Angel Investing: Add structure to improve returns on investment

This article first appeared in Personal Wealth, The Edge Malaysia Weekly, on January 22, 2018 - January 28, 2018.

What we have found over the years is that every so often, there is a company with really cool technology operating in a really hot market. But if that company does not have a unique value proposition, then you don’t have an investment opportunity. > Reichert

-A +A

Malaysian investors can improve their chances of making winning investments by applying a more structured selection criteria to potential investee companies and getting to know the founding team well, said the panel speakers at the Malaysian Business Angel Network (MBAN) Summit 2017 in December. 

During a panel session at the conference, Silicon Valley-based Garage Technology Ventures managing director Bill Reichert told angel investors to make an effort to understand what and who they are investing in.
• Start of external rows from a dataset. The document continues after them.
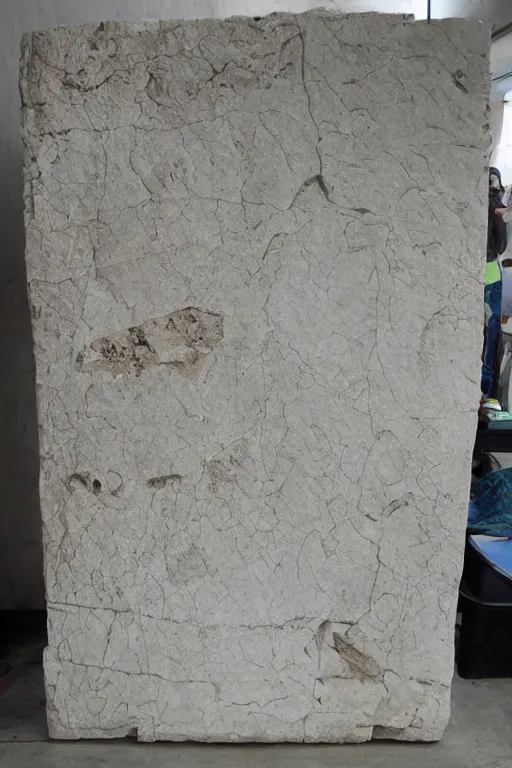 Prompt: the rectangular white stone slab is carved with horrible graphics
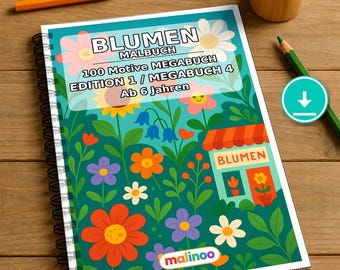 子供向けお花の塗り絵 – 100ページ – PDFダウンロード E1/B4 (DIN-A4) – ギフト、アクティビティ、アドベントカレンダー、誕生日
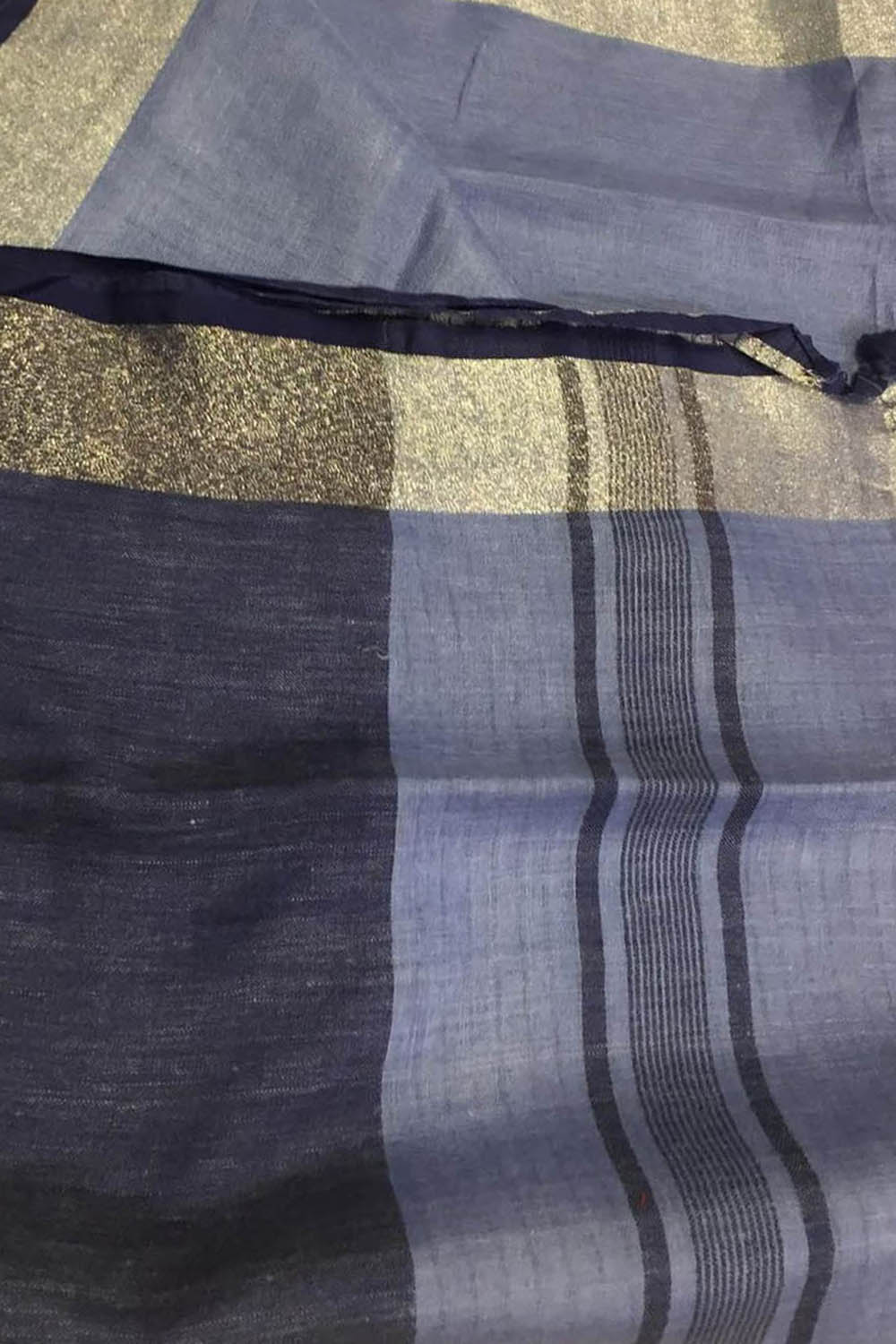 Blue Bhagalpur Pure Linen Saree - Luxurion World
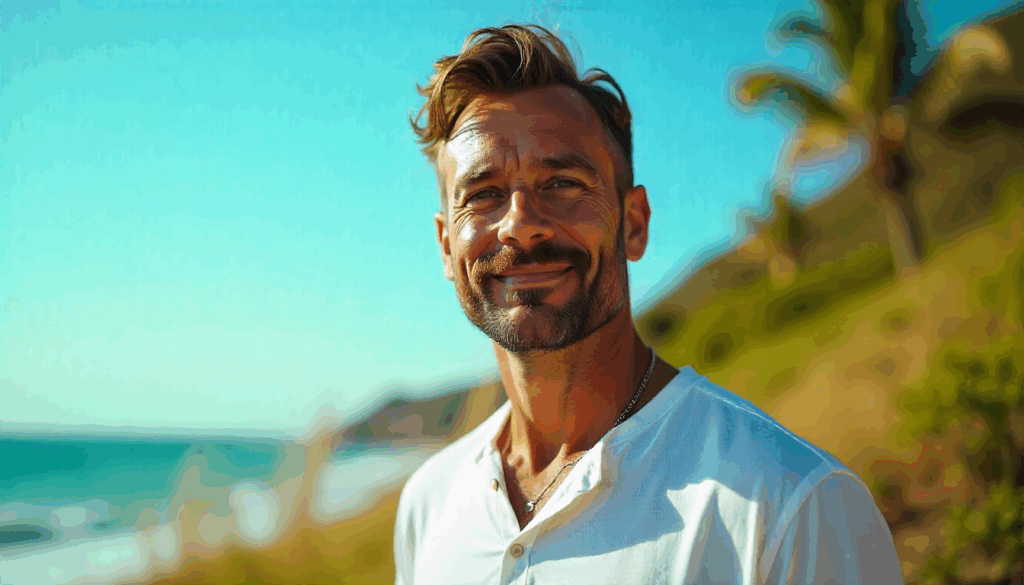 Homem adulto com barba bem cuidada ao ar livre em dia de verão ensolarado, usando camiseta leve e chapéu de palha, com expressão confiante e relaxada. Imagem realista mostrando cuidados com a barba no calor, destacando textura natural dos fios e estilo casual. Fundo com céu azul e vegetação, transmitindo frescor e conforto.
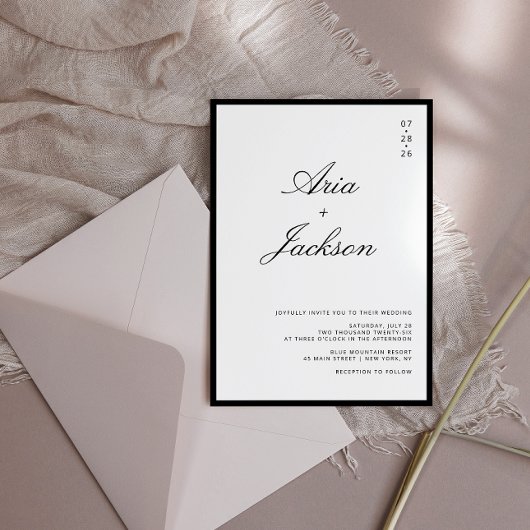 Zwart-wit kalligrafie moderne QR-code bruiloft Kaart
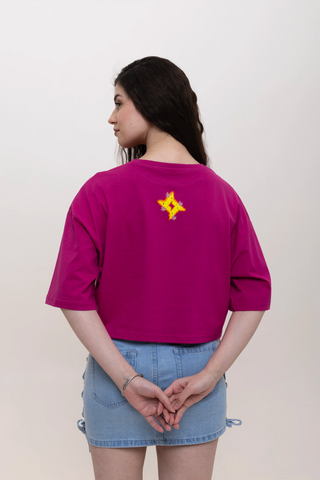 TURQTANG's IN FULL BLOOM CROP TOP - FUCHSIA FLARE 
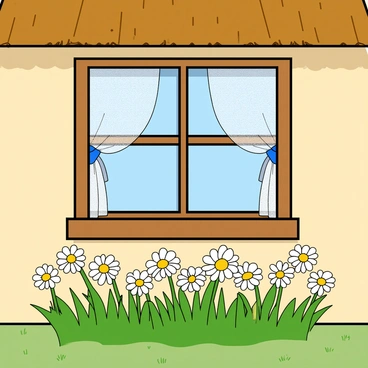 A quaint cottage with a thatched roof and light wooden walls. The window features delicate lace curtains that flutter gently in the breeze. Outside the window, there is a patch of vibrant green grass dotted with white daisies in full bloom, showcasing their round white petals and sunny yellow centers. The flowers stand tall, swaying slightly, creating a lively scene. The sunlight filters through the curtains, casting soft patterns on the window sill.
And one of the ways to do this is to develop a system they can use to evaluate potential investee companies.

Reichert, an early-stage technology venture capitalist, and his team, for example, have developed a scoring system that they use to analyse prospective companies. “This is a multi-variable scorecard that I have come to call ‘WTF’. Admittedly, it does not translate well into certain languages,” he quips. 

The ‘W’ stands for the two ‘U’s of unique value propositions and unfair advantages, ‘T’ stands for team, technology and traction while ‘F’ stands for financials. 

Reichert and his partners score these companies separately and then get together to compare findings to determine which of them are worth investing in — an exercise he says is crucial to maximising angel investments. 

For Reichert, using this combination of a scorecard and comparing findings with his partners is what helps them suss out genuine investment opportunities. Simply put, it prevents them from getting swept up in a compelling bit of technology that lacks any real world commercial applications. 

“What we have found over the years is that every so often, there is a company with really cool technology operating in a really hot market. But if that company does not have a unique value proposition, then you don’t have an investment opportunity,” says Reichert.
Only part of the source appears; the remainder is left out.